Collected data
- - -
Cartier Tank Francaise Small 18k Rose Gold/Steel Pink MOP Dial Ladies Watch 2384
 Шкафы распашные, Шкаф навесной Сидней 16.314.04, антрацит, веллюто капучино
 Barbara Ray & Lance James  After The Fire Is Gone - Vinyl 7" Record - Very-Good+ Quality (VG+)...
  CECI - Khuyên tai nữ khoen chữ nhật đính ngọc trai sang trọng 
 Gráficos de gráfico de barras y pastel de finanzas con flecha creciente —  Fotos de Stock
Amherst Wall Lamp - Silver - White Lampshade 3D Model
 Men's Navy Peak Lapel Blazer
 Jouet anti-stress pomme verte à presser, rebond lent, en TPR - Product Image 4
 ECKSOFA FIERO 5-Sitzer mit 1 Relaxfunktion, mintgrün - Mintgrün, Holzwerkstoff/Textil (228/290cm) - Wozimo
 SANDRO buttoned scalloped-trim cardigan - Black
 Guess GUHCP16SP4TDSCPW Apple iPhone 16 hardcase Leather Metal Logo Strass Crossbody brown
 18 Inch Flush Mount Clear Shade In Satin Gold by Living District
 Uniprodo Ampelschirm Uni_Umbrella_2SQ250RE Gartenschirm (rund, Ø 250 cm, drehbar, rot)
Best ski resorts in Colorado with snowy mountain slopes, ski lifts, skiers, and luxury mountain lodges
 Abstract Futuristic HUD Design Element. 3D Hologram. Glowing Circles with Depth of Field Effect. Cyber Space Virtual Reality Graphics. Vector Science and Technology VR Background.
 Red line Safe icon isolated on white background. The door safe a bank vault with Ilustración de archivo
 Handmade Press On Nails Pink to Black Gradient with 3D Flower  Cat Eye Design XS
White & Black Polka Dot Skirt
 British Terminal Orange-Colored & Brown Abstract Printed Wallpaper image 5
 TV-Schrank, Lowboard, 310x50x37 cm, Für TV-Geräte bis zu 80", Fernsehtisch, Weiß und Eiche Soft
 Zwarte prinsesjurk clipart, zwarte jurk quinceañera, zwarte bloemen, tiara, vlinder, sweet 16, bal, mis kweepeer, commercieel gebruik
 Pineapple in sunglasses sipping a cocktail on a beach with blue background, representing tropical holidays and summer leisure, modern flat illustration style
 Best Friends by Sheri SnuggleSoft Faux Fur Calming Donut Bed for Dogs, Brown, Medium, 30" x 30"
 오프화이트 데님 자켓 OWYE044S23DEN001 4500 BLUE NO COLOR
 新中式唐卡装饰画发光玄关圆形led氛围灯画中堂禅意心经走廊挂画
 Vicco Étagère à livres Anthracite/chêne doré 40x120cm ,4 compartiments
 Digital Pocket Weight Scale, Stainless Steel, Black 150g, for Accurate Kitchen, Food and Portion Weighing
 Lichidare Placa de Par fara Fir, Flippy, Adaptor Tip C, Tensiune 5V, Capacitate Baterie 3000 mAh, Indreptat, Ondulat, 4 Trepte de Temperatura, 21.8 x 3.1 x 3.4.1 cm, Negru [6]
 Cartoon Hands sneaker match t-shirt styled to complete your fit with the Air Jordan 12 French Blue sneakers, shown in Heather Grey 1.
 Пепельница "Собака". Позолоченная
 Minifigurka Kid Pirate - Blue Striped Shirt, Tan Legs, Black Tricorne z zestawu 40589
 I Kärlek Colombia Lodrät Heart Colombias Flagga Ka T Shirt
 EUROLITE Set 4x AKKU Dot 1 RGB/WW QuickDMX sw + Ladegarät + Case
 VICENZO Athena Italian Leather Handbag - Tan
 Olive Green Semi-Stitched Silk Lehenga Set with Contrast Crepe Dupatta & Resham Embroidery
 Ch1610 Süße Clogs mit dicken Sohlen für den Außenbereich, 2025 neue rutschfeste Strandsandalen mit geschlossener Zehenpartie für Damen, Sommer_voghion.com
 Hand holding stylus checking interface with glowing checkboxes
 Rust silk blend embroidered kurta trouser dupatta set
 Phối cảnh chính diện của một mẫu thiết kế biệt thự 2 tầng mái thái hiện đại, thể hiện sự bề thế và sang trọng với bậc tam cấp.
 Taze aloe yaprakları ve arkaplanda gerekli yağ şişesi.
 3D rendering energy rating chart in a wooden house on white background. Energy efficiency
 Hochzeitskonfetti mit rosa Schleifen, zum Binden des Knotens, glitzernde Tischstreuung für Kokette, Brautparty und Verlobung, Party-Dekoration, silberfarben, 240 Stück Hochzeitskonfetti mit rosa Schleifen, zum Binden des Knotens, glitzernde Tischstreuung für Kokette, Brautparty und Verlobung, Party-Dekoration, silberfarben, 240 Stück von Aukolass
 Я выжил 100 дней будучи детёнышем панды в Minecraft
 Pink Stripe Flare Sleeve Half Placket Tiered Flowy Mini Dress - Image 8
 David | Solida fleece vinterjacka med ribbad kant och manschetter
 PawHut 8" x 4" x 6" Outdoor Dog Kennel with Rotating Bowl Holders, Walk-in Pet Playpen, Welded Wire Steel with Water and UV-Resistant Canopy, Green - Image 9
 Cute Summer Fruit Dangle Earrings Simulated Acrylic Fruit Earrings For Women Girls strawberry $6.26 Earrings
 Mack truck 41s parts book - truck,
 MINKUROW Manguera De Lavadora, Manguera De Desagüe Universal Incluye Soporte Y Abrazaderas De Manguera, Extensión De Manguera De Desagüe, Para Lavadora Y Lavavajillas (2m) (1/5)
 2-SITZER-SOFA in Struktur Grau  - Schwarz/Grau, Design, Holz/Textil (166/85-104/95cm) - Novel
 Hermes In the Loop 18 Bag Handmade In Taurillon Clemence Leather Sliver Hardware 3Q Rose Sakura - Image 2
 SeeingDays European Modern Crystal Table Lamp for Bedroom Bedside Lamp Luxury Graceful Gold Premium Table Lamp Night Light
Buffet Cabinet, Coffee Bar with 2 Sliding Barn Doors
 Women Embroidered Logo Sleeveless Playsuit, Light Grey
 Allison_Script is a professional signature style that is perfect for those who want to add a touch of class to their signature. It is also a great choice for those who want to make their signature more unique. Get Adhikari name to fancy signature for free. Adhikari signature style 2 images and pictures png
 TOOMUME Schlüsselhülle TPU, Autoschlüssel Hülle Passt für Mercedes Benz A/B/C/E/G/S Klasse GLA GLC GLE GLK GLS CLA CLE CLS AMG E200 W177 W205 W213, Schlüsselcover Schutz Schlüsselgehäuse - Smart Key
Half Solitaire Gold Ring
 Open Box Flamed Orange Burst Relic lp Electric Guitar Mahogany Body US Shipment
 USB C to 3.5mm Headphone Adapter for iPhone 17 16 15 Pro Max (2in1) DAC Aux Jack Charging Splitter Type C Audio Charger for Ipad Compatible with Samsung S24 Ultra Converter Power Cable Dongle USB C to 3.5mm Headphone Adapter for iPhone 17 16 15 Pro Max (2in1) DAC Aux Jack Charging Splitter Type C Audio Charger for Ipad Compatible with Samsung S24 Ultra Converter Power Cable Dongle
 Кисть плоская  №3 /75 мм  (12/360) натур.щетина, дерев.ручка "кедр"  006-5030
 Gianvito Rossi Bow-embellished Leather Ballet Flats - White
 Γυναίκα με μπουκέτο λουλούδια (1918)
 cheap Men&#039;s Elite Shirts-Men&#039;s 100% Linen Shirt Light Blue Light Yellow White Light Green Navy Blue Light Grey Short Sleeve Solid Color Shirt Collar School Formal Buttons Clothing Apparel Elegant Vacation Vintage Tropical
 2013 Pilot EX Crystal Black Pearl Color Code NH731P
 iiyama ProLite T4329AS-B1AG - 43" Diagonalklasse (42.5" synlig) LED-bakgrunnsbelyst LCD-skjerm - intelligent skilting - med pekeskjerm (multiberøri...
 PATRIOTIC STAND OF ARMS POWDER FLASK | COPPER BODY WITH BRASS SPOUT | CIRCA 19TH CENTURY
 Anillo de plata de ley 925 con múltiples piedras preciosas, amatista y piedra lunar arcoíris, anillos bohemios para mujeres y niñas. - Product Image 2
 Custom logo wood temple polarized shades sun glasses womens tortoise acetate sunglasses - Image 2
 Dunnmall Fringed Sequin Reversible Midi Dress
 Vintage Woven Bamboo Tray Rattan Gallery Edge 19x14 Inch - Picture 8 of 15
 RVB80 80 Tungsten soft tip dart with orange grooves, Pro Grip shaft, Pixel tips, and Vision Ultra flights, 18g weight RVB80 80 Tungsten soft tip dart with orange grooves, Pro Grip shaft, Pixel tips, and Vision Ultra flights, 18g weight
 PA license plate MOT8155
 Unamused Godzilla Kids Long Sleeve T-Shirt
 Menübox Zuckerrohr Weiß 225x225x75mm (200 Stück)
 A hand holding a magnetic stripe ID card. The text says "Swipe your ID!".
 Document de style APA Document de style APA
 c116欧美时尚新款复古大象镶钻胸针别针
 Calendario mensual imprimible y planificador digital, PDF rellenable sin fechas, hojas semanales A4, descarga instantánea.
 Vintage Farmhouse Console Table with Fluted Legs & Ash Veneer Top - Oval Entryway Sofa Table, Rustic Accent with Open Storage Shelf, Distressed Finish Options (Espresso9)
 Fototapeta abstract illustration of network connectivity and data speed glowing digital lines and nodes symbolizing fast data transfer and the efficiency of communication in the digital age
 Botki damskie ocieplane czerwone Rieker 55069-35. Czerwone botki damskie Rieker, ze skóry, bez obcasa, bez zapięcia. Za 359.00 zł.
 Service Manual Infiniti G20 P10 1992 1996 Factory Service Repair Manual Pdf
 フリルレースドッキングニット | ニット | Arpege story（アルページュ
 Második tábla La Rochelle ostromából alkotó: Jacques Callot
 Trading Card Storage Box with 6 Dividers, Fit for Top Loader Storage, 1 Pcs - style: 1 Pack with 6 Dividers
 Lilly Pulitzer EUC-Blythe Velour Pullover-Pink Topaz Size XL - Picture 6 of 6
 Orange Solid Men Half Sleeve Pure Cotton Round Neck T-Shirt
- - -
** To do **
Please transcribe only the lines in the records above running from the line that has "I Kärlek Colombia" through the line that has "Green - Image 9", both included, exactly as they appear.

** Task output **
 I Kärlek Colombia Lodrät Heart Colombias Flagga Ka T Shirt
 EUROLITE Set 4x AKKU Dot 1 RGB/WW QuickDMX sw + Ladegarät + Case
 VICENZO Athena Italian Leather Handbag - Tan
 Olive Green Semi-Stitched Silk Lehenga Set with Contrast Crepe Dupatta & Resham Embroidery
 Ch1610 Süße Clogs mit dicken Sohlen für den Außenbereich, 2025 neue rutschfeste Strandsandalen mit geschlossener Zehenpartie für Damen, Sommer_voghion.com
 Hand holding stylus checking interface with glowing checkboxes
 Rust silk blend embroidered kurta trouser dupatta set
 Phối cảnh chính diện của một mẫu thiết kế biệt thự 2 tầng mái thái hiện đại, thể hiện sự bề thế và sang trọng với bậc tam cấp.
 Taze aloe yaprakları ve arkaplanda gerekli yağ şişesi.
 3D rendering energy rating chart in a wooden house on white background. Energy efficiency
 Hochzeitskonfetti mit rosa Schleifen, zum Binden des Knotens, glitzernde Tischstreuung für Kokette, Brautparty und Verlobung, Party-Dekoration, silberfarben, 240 Stück Hochzeitskonfetti mit rosa Schleifen, zum Binden des Knotens, glitzernde Tischstreuung für Kokette, Brautparty und Verlobung, Party-Dekoration, silberfarben, 240 Stück von Aukolass
 Я выжил 100 дней будучи детёнышем панды в Minecraft
 Pink Stripe Flare Sleeve Half Placket Tiered Flowy Mini Dress - Image 8
 David | Solida fleece vinterjacka med ribbad kant och manschetter
 PawHut 8" x 4" x 6" Outdoor Dog Kennel with Rotating Bowl Holders, Walk-in Pet Playpen, Welded Wire Steel with Water and UV-Resistant Canopy, Green - Image 9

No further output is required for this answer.